Enhancing design space exploration by extending CPU/GPU specifications onto FPGAs
Owaida, M- O.
;
Falcão, G.
;
Andrade, J.
; Antonopoulos, C. D. A.
; Bellas, N. B.
; Purnaprajna, M. P.
; Novo, D. N.
; Karakonstantis, G. K.
; Burg, A. B.
; Ienne, P. I.
Transactions on Embedded Computing Systems Vol. 14, Nº 2, pp. 1 - 23, March, 2015.
ISSN (print): 1539-9087
ISSN (online):
Scimago Journal Ranking: 0,35 (in 2015)
Digital Object Identifier: 10.1145/2656207
Abstract
The design cycle for complex special purpose compute systems is extremely costly and time-consuming. It involves a multi-parametric design space exploration for optimization, followed by design verification. Designers of special purpose VLSI implementations often need to explore parameters, such as optimal bitwidth and data representation through time consuming Monte-Carlo simulations. A prominent example of this simulation-based exploration process is the design of decoders for error correcting systems, such as Low-Density Parity-Check (LDPC) codes, adopted by modern communication standards, which involves thousands of Monte-Carlo runs for each design point. Currently, high-performance computing offers a wide set of acceleration options that range from multicore CPUs to graphics processing units (GPUs) and FP- GAs.
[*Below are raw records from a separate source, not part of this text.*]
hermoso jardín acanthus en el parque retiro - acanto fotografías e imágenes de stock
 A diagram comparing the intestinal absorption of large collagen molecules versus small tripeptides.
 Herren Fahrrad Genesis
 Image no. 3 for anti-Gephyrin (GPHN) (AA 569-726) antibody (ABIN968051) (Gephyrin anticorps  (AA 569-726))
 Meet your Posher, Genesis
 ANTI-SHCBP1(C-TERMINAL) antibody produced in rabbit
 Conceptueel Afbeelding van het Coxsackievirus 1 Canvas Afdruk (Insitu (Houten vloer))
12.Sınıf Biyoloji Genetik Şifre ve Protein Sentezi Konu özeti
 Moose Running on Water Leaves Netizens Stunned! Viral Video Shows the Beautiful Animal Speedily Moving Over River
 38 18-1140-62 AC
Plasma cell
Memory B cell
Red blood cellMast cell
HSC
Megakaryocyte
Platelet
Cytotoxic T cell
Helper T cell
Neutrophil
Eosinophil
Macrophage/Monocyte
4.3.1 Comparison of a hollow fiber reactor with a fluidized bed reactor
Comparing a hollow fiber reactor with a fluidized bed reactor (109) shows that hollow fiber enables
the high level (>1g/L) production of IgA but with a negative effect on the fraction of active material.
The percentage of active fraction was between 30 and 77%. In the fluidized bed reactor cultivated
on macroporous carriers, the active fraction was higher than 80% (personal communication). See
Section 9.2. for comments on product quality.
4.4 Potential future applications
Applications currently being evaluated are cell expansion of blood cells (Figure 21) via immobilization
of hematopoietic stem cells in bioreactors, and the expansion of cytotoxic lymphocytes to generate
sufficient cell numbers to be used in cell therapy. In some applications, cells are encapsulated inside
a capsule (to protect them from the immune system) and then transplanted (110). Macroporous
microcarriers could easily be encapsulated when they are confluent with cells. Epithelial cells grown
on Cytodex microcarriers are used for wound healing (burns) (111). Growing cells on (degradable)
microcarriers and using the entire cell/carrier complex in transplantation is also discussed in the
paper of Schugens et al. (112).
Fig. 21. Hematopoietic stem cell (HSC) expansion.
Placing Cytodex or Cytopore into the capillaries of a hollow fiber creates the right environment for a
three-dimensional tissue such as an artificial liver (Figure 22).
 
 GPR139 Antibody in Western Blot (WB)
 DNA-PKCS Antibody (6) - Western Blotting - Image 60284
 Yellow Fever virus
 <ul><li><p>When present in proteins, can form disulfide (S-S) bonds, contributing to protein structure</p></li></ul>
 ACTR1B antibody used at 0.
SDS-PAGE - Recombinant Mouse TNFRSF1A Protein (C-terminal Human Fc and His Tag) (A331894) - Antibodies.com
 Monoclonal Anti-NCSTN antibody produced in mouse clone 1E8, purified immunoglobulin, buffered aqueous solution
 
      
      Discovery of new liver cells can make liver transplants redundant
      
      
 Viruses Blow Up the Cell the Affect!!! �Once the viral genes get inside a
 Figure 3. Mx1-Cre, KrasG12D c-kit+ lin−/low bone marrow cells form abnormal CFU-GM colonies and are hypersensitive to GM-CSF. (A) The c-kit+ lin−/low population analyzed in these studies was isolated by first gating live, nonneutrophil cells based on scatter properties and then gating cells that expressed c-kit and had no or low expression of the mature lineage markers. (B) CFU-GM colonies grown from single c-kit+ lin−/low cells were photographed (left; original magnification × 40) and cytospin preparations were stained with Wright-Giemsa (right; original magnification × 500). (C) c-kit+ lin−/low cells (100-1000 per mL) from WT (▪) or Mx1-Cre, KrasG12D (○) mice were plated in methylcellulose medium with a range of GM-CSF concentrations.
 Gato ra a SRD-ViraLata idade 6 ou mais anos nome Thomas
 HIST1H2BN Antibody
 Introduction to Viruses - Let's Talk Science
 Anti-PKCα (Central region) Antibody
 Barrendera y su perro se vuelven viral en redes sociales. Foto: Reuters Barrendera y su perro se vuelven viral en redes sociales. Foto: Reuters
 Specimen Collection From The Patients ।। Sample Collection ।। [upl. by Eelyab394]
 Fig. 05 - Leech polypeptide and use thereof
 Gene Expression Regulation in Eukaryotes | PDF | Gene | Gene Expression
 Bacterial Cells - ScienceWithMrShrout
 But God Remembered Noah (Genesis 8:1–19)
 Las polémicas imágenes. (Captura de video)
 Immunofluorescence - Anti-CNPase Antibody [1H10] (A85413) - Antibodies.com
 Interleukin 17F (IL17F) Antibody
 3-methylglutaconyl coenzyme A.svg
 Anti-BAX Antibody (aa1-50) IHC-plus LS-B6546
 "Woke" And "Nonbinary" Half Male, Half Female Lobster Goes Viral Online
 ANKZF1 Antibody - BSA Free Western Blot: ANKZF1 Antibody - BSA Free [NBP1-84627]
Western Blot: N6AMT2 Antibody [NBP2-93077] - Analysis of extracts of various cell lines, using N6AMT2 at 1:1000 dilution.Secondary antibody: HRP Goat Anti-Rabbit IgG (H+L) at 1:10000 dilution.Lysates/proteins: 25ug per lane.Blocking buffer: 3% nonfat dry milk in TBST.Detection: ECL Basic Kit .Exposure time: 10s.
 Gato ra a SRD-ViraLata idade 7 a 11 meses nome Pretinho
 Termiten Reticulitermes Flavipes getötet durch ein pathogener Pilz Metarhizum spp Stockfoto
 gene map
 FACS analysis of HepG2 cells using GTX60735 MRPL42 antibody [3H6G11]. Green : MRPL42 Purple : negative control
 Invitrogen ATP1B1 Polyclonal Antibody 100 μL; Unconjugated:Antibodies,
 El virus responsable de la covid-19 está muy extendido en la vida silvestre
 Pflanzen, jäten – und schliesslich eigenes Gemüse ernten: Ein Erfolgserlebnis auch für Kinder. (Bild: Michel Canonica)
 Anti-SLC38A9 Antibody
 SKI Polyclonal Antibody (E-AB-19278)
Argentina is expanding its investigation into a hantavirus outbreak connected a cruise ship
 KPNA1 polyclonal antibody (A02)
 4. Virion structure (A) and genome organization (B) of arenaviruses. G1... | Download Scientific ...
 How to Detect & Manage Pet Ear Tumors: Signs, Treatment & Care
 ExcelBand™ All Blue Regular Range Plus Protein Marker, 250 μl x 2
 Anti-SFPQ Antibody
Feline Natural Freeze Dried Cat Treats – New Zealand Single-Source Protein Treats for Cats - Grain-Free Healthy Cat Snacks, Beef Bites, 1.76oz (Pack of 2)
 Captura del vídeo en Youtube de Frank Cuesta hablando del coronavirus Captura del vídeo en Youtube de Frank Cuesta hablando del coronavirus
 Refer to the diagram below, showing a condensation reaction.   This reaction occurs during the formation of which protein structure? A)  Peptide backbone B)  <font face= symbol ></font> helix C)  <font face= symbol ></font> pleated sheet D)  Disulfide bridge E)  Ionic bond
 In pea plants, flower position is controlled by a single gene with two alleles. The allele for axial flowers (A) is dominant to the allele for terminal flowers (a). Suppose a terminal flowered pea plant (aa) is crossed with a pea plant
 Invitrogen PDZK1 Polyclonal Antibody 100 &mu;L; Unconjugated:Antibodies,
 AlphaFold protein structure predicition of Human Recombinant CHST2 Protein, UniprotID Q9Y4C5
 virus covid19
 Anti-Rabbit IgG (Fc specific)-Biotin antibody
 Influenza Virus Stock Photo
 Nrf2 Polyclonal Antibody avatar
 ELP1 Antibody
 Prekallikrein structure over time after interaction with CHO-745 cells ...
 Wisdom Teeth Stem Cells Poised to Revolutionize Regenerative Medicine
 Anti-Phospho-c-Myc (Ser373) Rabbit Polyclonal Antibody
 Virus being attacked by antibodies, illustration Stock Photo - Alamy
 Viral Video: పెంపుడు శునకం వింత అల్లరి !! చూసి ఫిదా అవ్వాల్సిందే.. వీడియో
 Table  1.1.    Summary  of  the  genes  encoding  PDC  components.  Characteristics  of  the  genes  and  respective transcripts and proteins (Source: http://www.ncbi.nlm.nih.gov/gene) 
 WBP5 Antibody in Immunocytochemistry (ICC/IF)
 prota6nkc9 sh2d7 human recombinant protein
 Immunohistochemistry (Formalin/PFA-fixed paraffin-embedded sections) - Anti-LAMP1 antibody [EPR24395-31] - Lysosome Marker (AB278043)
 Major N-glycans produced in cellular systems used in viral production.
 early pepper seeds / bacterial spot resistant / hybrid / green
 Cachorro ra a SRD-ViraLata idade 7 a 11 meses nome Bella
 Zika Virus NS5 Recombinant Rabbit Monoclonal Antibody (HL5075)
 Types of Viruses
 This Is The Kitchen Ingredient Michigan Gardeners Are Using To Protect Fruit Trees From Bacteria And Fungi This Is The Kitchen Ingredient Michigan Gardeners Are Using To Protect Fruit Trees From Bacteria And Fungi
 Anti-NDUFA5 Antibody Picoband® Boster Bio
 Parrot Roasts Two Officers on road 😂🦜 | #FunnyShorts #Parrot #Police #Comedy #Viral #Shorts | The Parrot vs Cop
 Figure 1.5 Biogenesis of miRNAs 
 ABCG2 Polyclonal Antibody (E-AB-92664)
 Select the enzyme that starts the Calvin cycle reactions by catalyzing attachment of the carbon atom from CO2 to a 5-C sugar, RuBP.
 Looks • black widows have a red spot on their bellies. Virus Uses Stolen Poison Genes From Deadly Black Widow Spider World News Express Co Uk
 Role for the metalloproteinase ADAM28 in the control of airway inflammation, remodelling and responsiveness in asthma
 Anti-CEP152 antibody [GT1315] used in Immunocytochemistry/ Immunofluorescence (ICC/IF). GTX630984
The exploitation of diverse target architectures is typically associated with developing multiple code versions, often using distinct programming paradigms. In this context we evaluate the concept of retarget- ing a single OpenCL program to multiple-platforms, thereby significantly reducing design time. A single OpenCL-based parallel kernel is used without modifications or code tuning on multicore CPUs, GPUs and FPGAs. We use SOpenCL (Silicon to OpenCL), a tool that automatically converts OpenCL kernels to RTL in order to introduce FPGAs as a potential platform to efficiently execute simulations coded in OpenCL. We use LDPC decoding simulations as a case study. Experimental results were obtained by testing a variety of regular and irregular LDPC codes that range from short/medium (e.g. 8000 bit) to large length (e.g. 64800 bit) DVB-S2 codes. We observe that, depending on the design parameters to be simulated, on the dimension and phase of the design, the GPU or FPGA may suit different purposes more conveniently, providing different acceleration factors over conventional multicore CPUs.